Cultura

PARIS AO SOM DO BANDOLIM, CAP 21: TULHERIAS, JARDIM DAS TELAS DE MANET

Local predileto de dois gênios da cultura francesa: Baudelaire e Manet, no centro de Paris
Tasso Franco ,  Salvador | 06/11/2022 às 10:24
Jadin des Tuileries
Foto: BJÁ
   Descrevi em capitulo anterior que a Avenue Champs Élysée é o coração de Paris. Entendendo-se no jargão popular da crônica que esse tipo de citação significa dizer que se trata do principal local - o mais pulsante - uma vez que o coração representa a vida, o motorzinho que não para, trabalha 24 horas mesmo as pessoas dormindo e quando desliga por qualquer problema registra-se a morte. O uso dessa expressão em cidades é frequente o que representa o local que não dorme, funciona 24 horas, tem um intenso vai e vem de pessoas e veículos, um coração que nunca para.

   Há quem ache, no entanto, que Paris tem vários corações em Halles, Pigalle, Marais, Montmartre, Montparnasse e até em ruas como a Saint Denis, a des Archives, Rivoli, Buci, Vaugirard e outras. São muitas opiniões e não saberia nominá-las todas uma vez que meu conhecimento sobre a cidade é limitado. 
  Alguns autores e pintores famosos (os 'influencer' dos séculos XIX e XX) tinham seu mundo parisiense e deles se apegaram de tal forma que ninguém seria capaz de modificar. 

  Danuza Leão amava Saint-Germain-des-Prés; Ernest Hemingway a zona boemia de Montparnasse; Gertrude Stein, a Rue de Fleurus e o Jardin de Loxembourg; Charles Baudelaire, o poeta maldito, cidade e sua gente no global; Walter Benjamin tudo o que se referia a arquitetura; Victor Hugo, o Marais e a Place de Vosges, onde morava; Marcel Proust, Champs Élysée e o faubourg Saint-Germanin onde pôs a habitar sua personagem a duquesa de Guermantes; Pablo Picasso as colinas de Montemartre. Edouard Manet,  tulherias. 

  Há inúmeras publicações literárias sobre Paris e centenas de pinturas do realismo e do impressionismo sobre locais da cidade e seus personagens.

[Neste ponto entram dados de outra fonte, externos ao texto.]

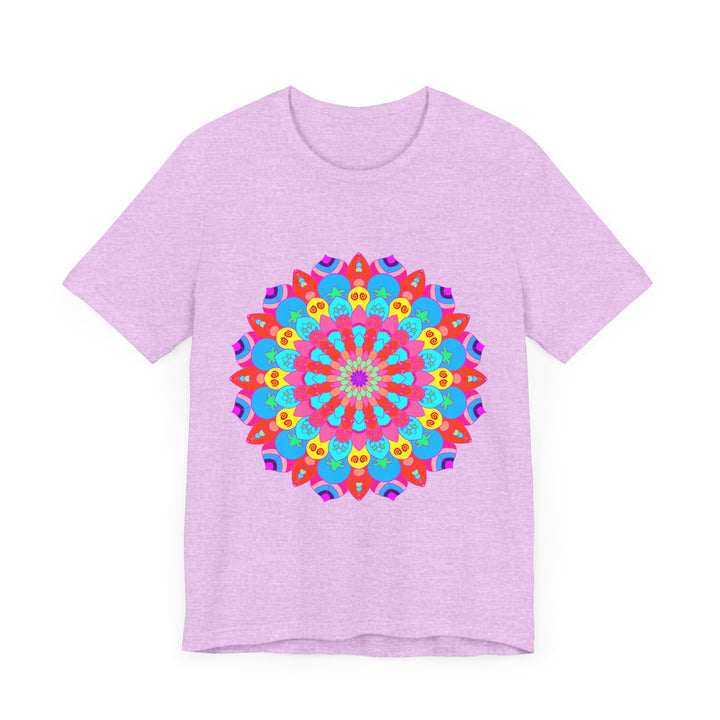 Vibrant and intricate mandala design T-shirt featuring psychedelic art in a variety of colors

  Uma cidade não vive sem seus persoangens, famosos e anônimos. Victor Hugo, em "Les Miserables", cita dezenas deles que transitavam nas igrejas, nas lojas, nos ateliês, nos cabarés, açougues e assim por diante. Baudelaire, em "O Spleen de Paris" um refinadíssimo livro publicado após sua morte (1868), poemas em prosa, trata desse mundo parisiense sem citações de locais especificamente destacando os personagens do dia-a-dia da cidade que ia vendo sua transformação na segunda quadra do século XIX com a implantação dos boulevards, das novas edificações, o surgimento das passagens e magazines, e sua pluma é fantástica e sedutora no apresentar como viviam nesse mundo o estrangeiro, as velhas, a solidão, as viúvas, o engraçadinho, as tentações, o vidraceiro, o cão, todo um caldo de cultura do que era Paris.

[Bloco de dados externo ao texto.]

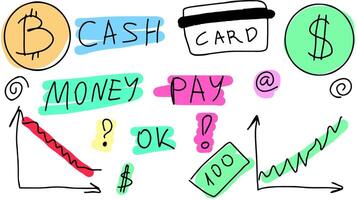 Doodle Set. Money, dollars, bitcoin, finance. Illustration. vector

  Jean-Paul Sartre, em seu livro Baudelaire (1947), comenta que o Spleen “é o próprio símbolo da insatisfação”, um estado de tristeza autoconsciente e reflexivo. Edgardo Cozarinsky, o qual escreveu as orelhas da publicação brasileira da Editora 34 sobre o Spleen, diz: "Eu te amo capital infame". De um promontório imaginário, Baudelaire examina a variedade que a cidade oferece a seu apetite: prostitutas, ladrões, hospitais, lupanares, o movimento incessante de quem ainda não perdeu a força de querer, o desejo de viajar, a vontade de enriquecer. Sente que esse "encanto infernal" tem o dom de rejuvenescê-lo"

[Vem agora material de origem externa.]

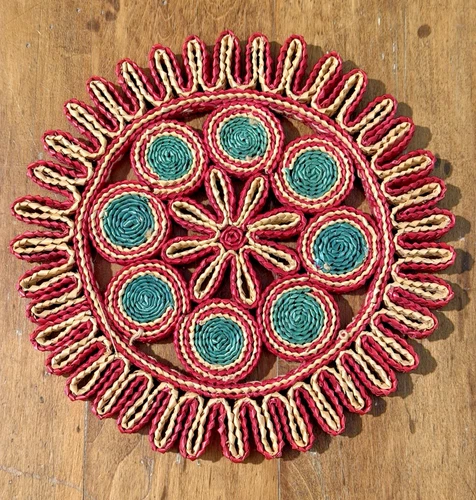 Colorful Woven Round Trivets Kitchen Raffia Hot Pads Wall Vintage Boho Set of 5 image 2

  Então, meu caro leitor, Paris são vários mundos e por mais que se ande por suas ruas, praças, avenidas e jardins há esse espectro a lhe acompanhar, essa sombra da história e vivos estão esses personagens do século XIX, os mendigos, as prostitutas, os descamisados, os estrangeiros pelas ruas da ville. 

  E teria sido Baudelaire quem criou a figura do "flâneur" com o olhar crítico, o andarilho que sabe apreciar além da beleza da cidade, em si, o Sena, os palácios, as edificações majestosas, as pontes, as suas transformações sociais e o que isso impactava na vida das pessoas, sobretudo os pobres. 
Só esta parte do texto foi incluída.